Le 9 février 2016 à 20:37 par Pompeàfreak
#1393280

Bon, ce Monsieur ou cette Dame est un "freak". Pas de souci, l’anormalité doit être acceptée, et il faut faire preuve de compassion envers ceux qui sont touchés (trisomiques, dégénérés, anormaux en tous "genres"). Mais bordel, venir nous casser les couilles à 64 ans pour son problème, c’est un peu gros (qu’est ce qu’il a foutu jusqu’à présent)... Bon, il l y a 2 écoles, ceux (les ignobles) qui vont dire "ben, va te faire enculer, puisqu’apparemment de ce côté là çà va"... Et les autres qui vont faire dans la compassion mais en se demandant si au final cette personne est "mâle ou femelle". Tu revendiques d’être "neutre" Mec (ou pas), pas de souci non plus, mais il faut comprendre que neutre = RIEN, c’est encore pire si çà se trouve... Bon déjà que dans les papiers officiels ma fille de 13 ans est appelée "MADAME" ce qui est un immense progrès de civilisationl, que te dire ? Deviens FEMEN, après tout la "sorosité" c’est bien aussi, tu montreras ce que tu peux...
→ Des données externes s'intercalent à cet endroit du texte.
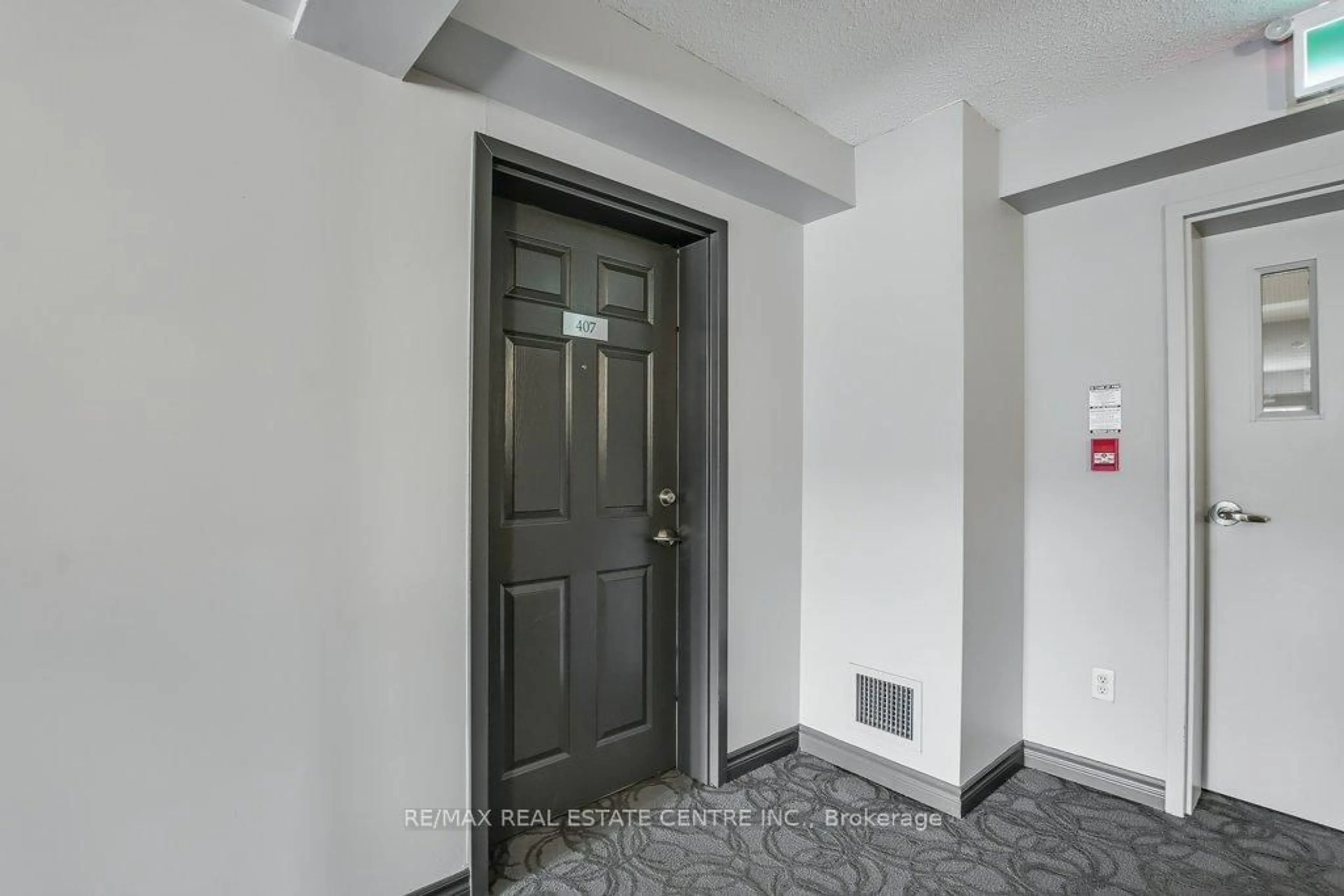 Indoor entryway for 1479 Maple Ave #407, Milton Ontario L9T 0B5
Le 9 février 2016 à 20:50 par Dharma
#1393285

Cette anomalie s’appelle " syndrome d’insensibilité partielle ( ou complète ) aux androgènes" . Le fœtus commence sa vie avec un sexe neutre, c’est seulement sous la poussée de la testostérone que l’on devient garçon. Cette testostérone, fait pousser le clitoris en pénis et referme les lèvre en bourse. Les testicules descendes et nous obtenons donc un garçon. Seulement voilà, parfois les récepteurs ne captent pas la testostérone ou partiellement, c’est donc pour cela que nous avons des femmes de caryotype XY mais de génotype féminin. Ces femmes n’ont que très rarement d’utérus. Ceci est pour la résistance complète aux androgènes. Pour une résistance partielle, il peut y avoir un vagin et un pénis et même des bourses non fermées ou partiellement.

La résistance complète ne pose en soit aucun problème mis à part l’absence d’enfanter, se sont des femmes car la testostérone n’a aucun effet sur leur corps.

La résistance partielle est problématique, car nous ne savons pas l’évolution des personnes touchées. C’est pour cela qu’en France nos spécialistes préfèrent donner un sexe et donner un traitement très vite. Car si le sexe de l’enfant à la naissance s’oriente plutôt de coté féminin il faudra lui donner des œstrogènes afin que plus elle ne se virilise pas. Au contraire si son sexe vire du coté masculin, il faudra lui donner de grosses doses de testostérones afin qu’il ne se féminise pas ( poitrine par exemple).

Voilà ce que je viens d’apprendre sur mon enfant qui va bientôt naitre. Il est donc atteint du " syndrome d’insensibilité partielle au androgènes". Nous avons un suivi psychologique et l’enfant en aura aussi jusqu’à l’age adulte.

Il faut savoir qu’en France se n’est pas un cas d’I.V.G car pour eux , l’enfant n’a pas de problème grave et pourra avoir une vie comme les autres.

Merci de m’avoir lu, et pardonnez moi si j’ai fais des erreurs.

respectueusement.

Le 10 février 2016 à 00:08 par Fanfaniris
#1393419

Et bien, vous voilà tous trois pris dans une drôle de tourmente ! Quelle lourde responsabilité que de devoir choisir l identité sexuelle de ce petit être ! Je ne ne sais quoi vous dire pour tenter d atténuer le souci que cela doit vous causer. Bienvenue à votre enfant !

Le 10 février 2016 à 04:37 par tontoncristobal
#1393479

C’est une rencontre du 3e type.

Le 12 février 2016 à 18:18 par Grindr
#1395532

... Réfléchir, avoir une opinion, c’est, a priori, en connaissance de cause.